[[ Record excerpts open ]]
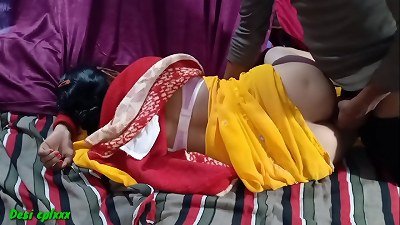 Desi bhabhi Saree hump glad new year 2020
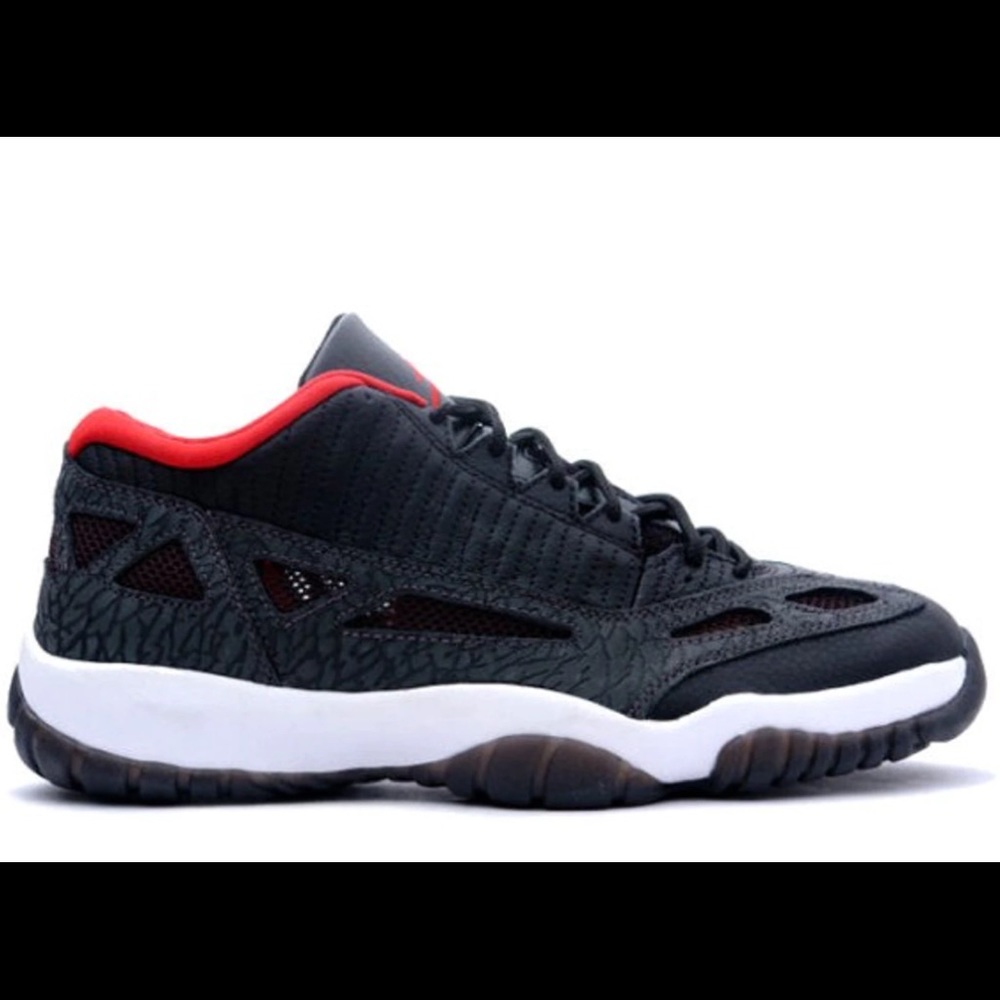 JORDAN 11 RÉTRO LOW IE BRED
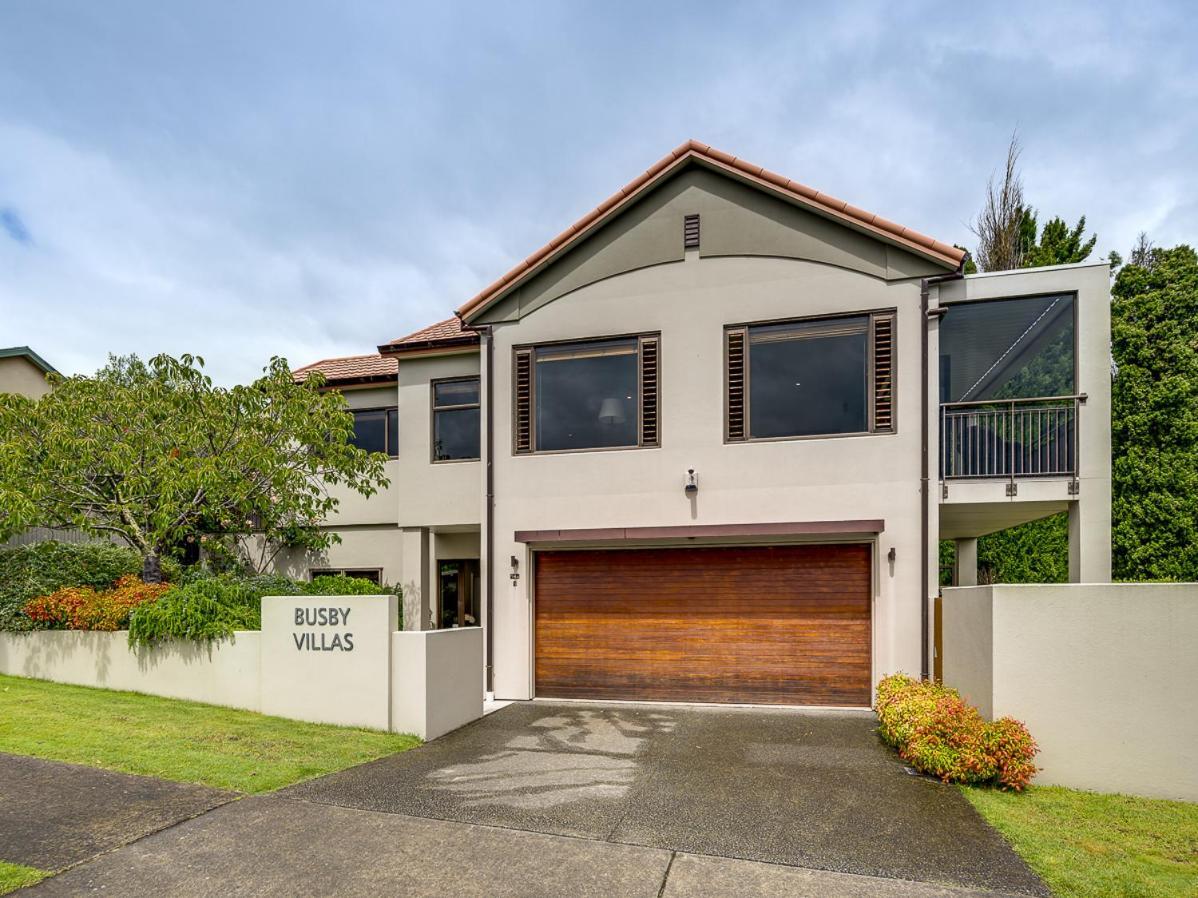 Busby Hill Villa - Havelock North Holiday Home Buitenkant foto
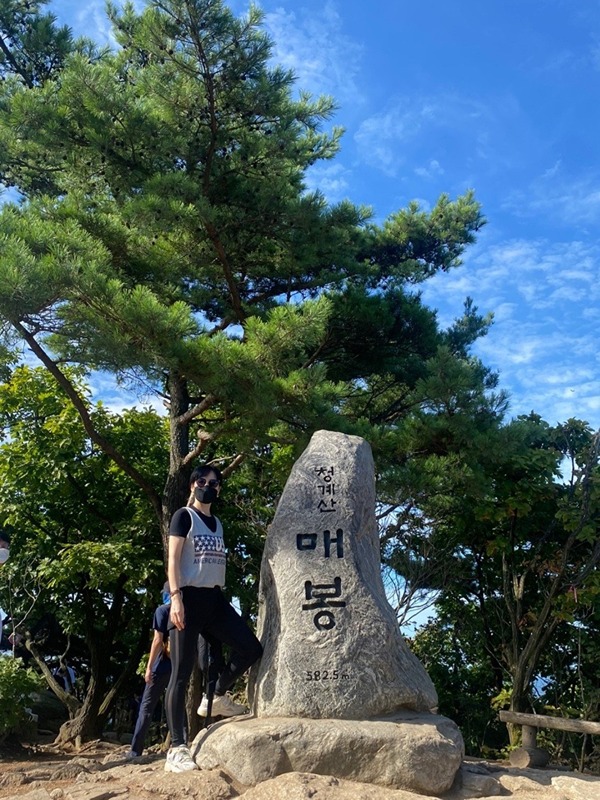 평일에 여자들 끼리 모여 등산 가요 썸네일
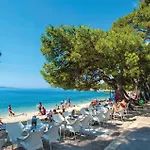 Gorgeous Apartment In Makarska With Lake View شقة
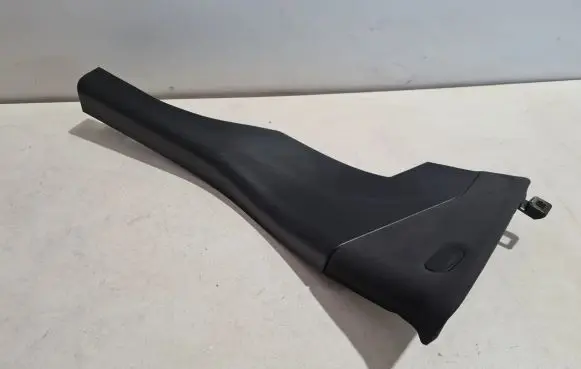 Maserati Ghibli (C) pillar trim 06700194220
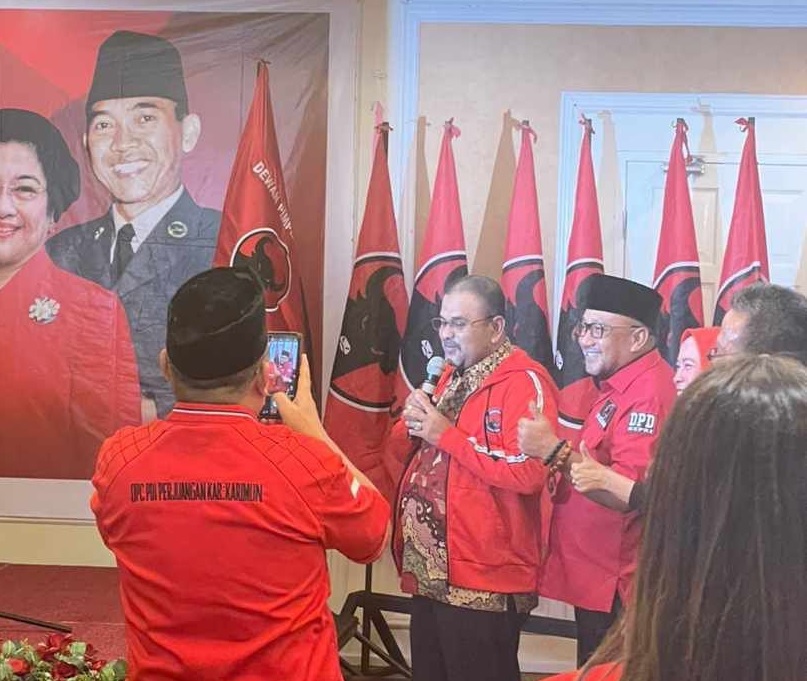 Heboh Aunur Rafiq Kenakan Jaket Merah PDIP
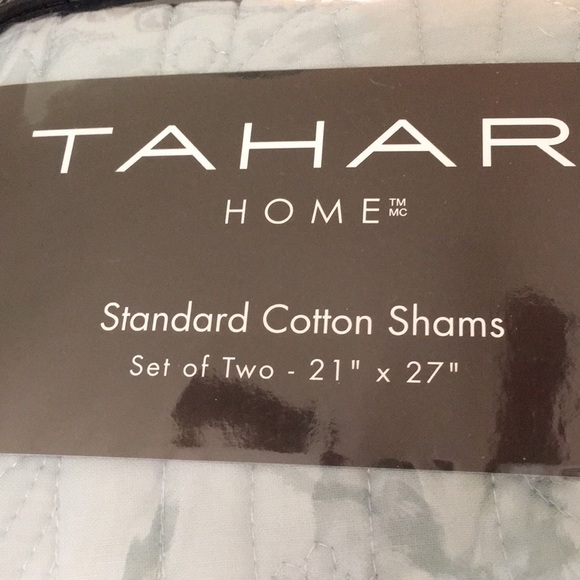 Tahari Home standard pillow shams. New in package - Picture 4 of 4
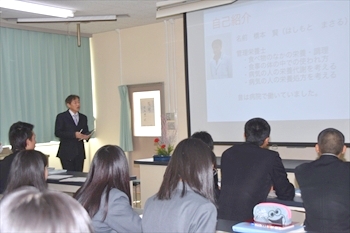 写真：スライドを使って自己紹介をする橋本准教授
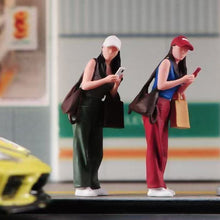 Load image into Gallery viewer, 1:64 Painted Figure Model Miniature Resin Diorama Sand Shopping Pretty Girl Lady
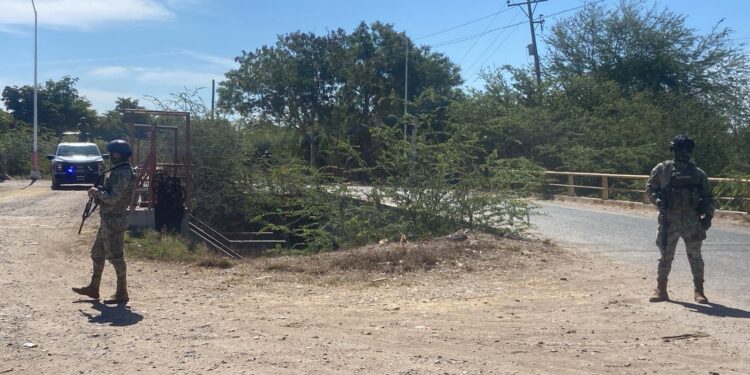 Hallan a un hombre asesinado a balazos en El Quemadito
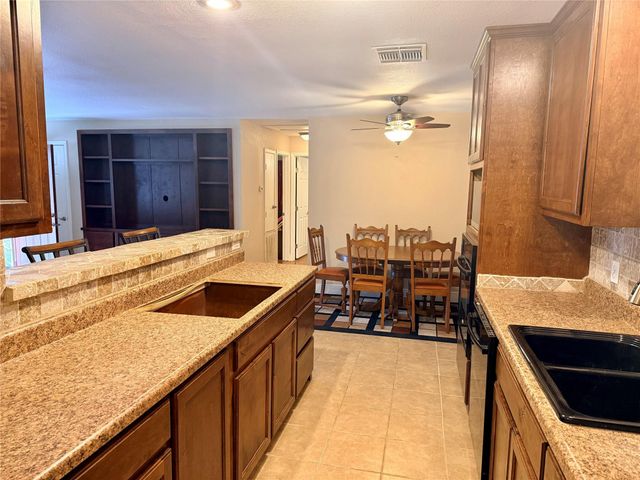 338 Calumet Drive, Palacios, TX 77465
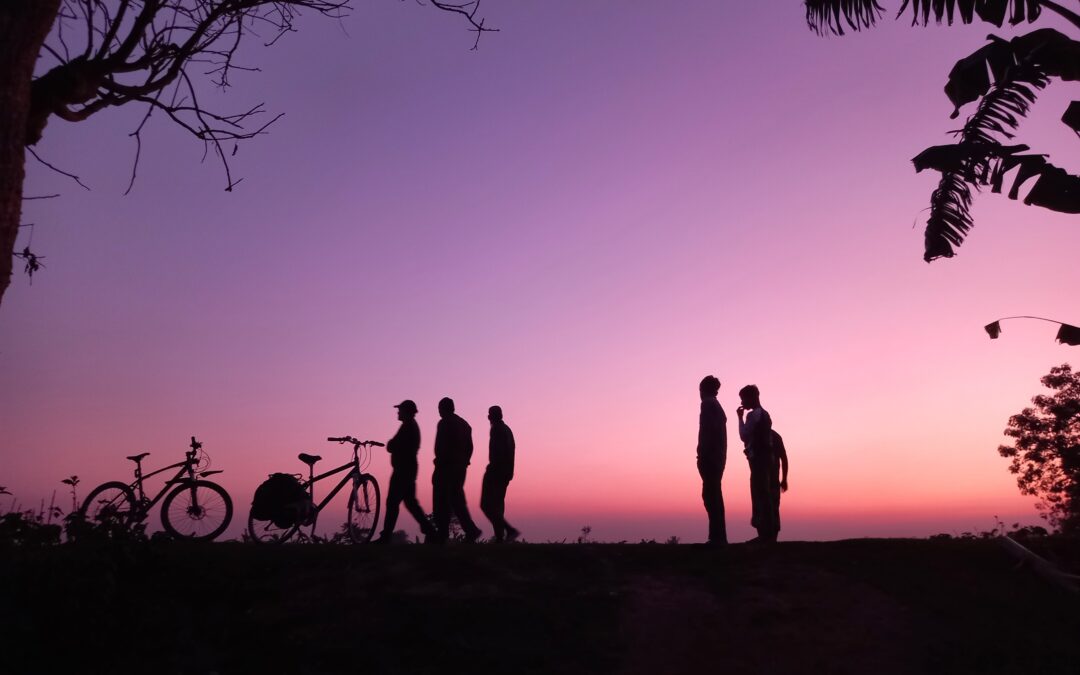 কোন গ্রামে এক সন্ধ্যায়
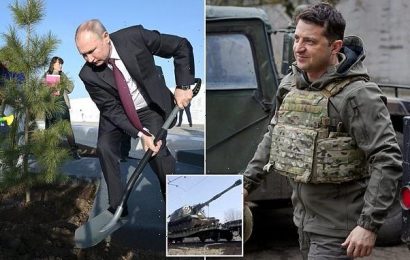 Ukraine&apos;s president visits trenches amid tensions with Russia
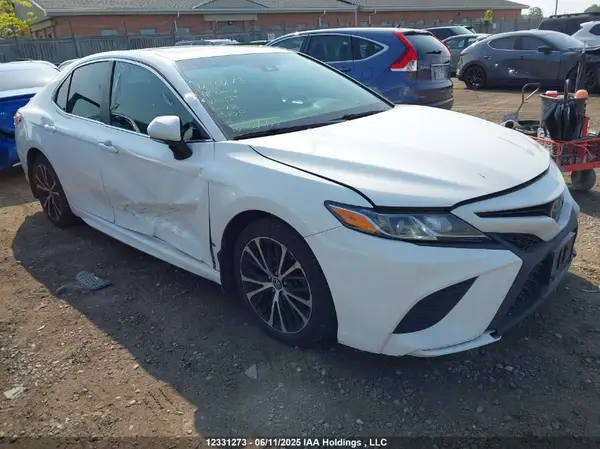 4T1B11HK4JU111559 2018 TOYOTA CAMRY - Image 1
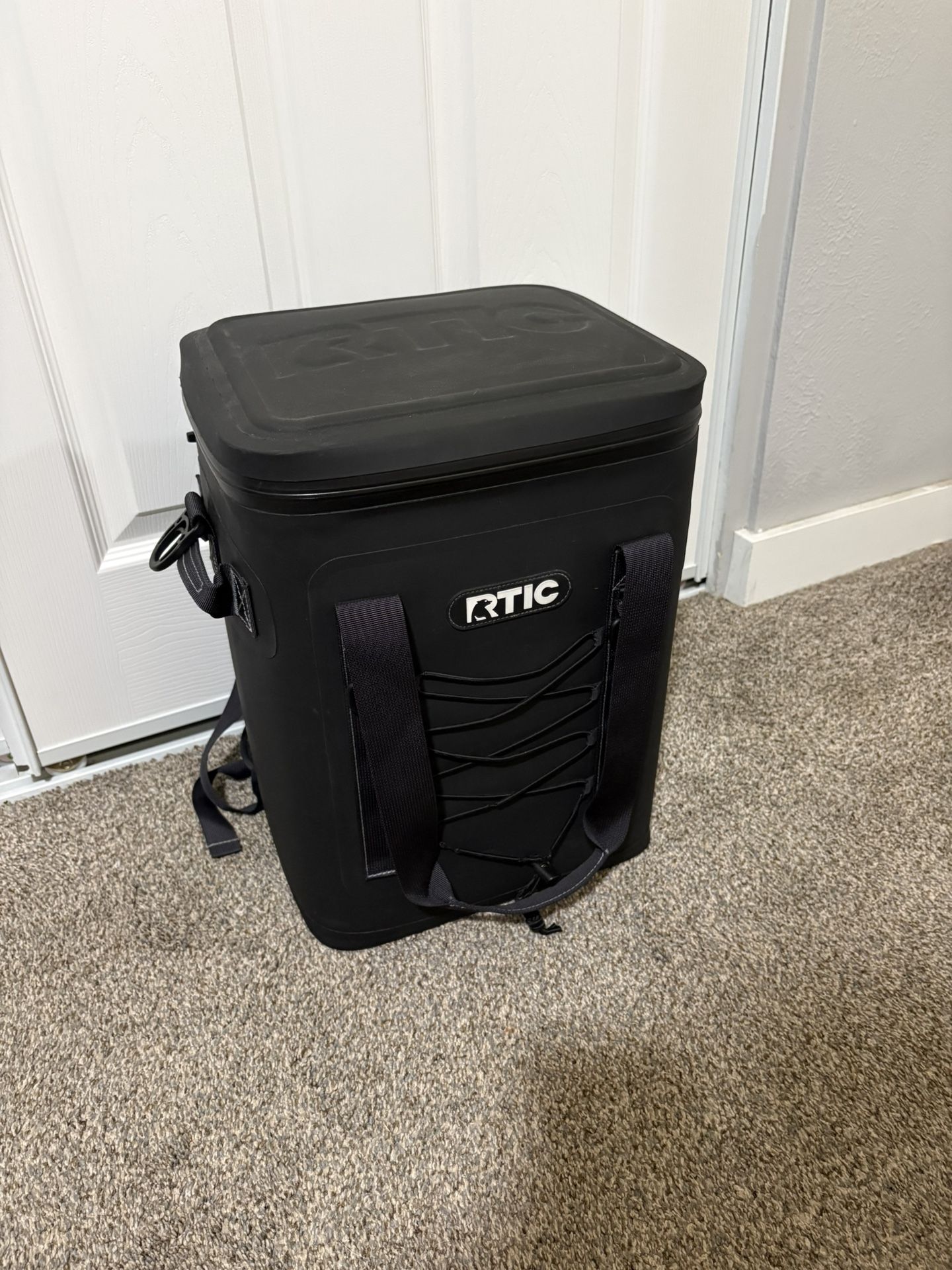 RTIC Insulated Soft Cooler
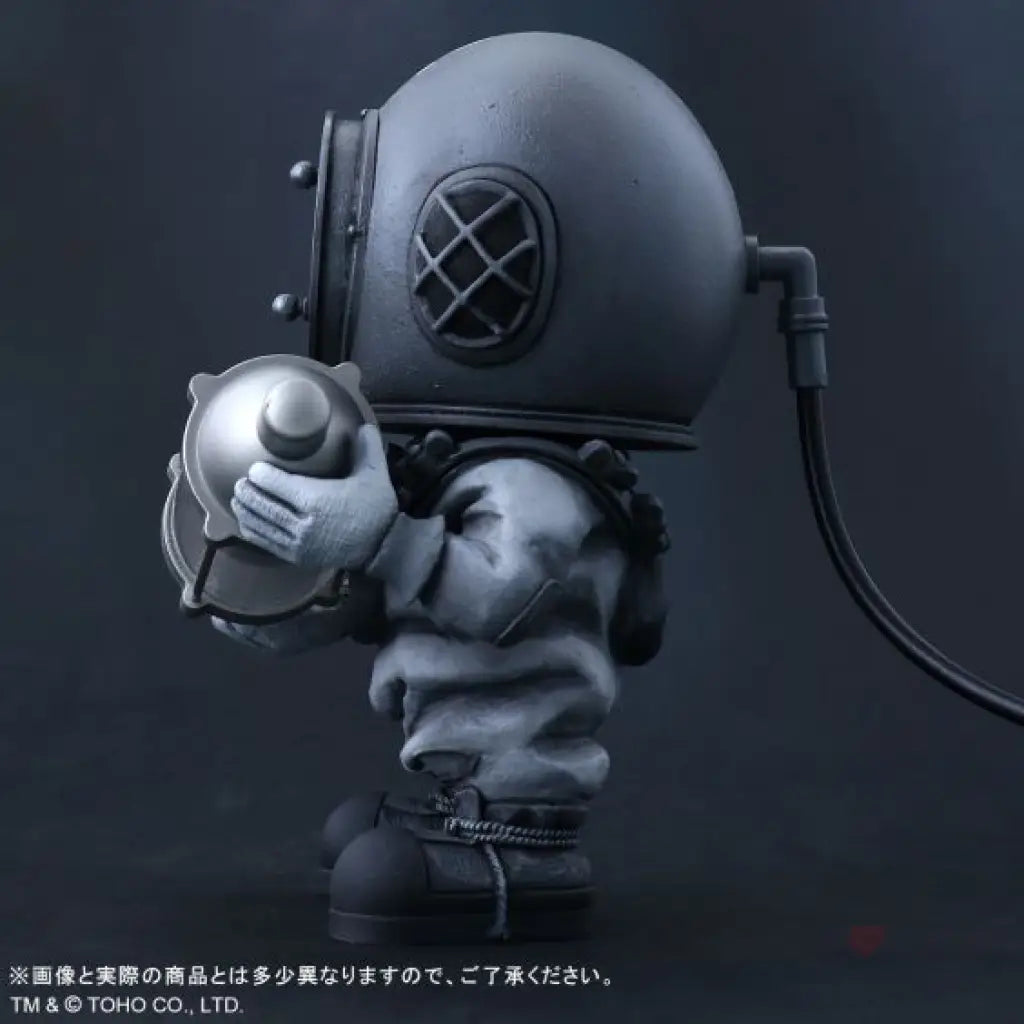 DefoReal Dr. Serizawa 2019 - GeekLoveph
[[ Record excerpts closed ]]
What to do>
Pictures are to be omitted; set down the rest of the entries exactly as given.

Finished exercise>
 Desi bhabhi Saree hump glad new year 2020
 JORDAN 11 RÉTRO LOW IE BRED
 Busby Hill Villa - Havelock North Holiday Home Buitenkant foto
 평일에 여자들 끼리 모여 등산 가요 썸네일
 Gorgeous Apartment In Makarska With Lake View شقة
 Maserati Ghibli (C) pillar trim 06700194220
 Heboh Aunur Rafiq Kenakan Jaket Merah PDIP
 Tahari Home standard pillow shams. New in package - Picture 4 of 4
 写真：スライドを使って自己紹介をする橋本准教授
 Load image into Gallery viewer, 1:64 Painted Figure Model Miniature Resin Diorama Sand Shopping Pretty Girl Lady
 Hallan a un hombre asesinado a balazos en El Quemadito
 338 Calumet Drive, Palacios, TX 77465
 কোন গ্রামে এক সন্ধ্যায়
 Ukraine&apos;s president visits trenches amid tensions with Russia
 4T1B11HK4JU111559 2018 TOYOTA CAMRY - Image 1
 RTIC Insulated Soft Cooler
 DefoReal Dr. Serizawa 2019 - GeekLoveph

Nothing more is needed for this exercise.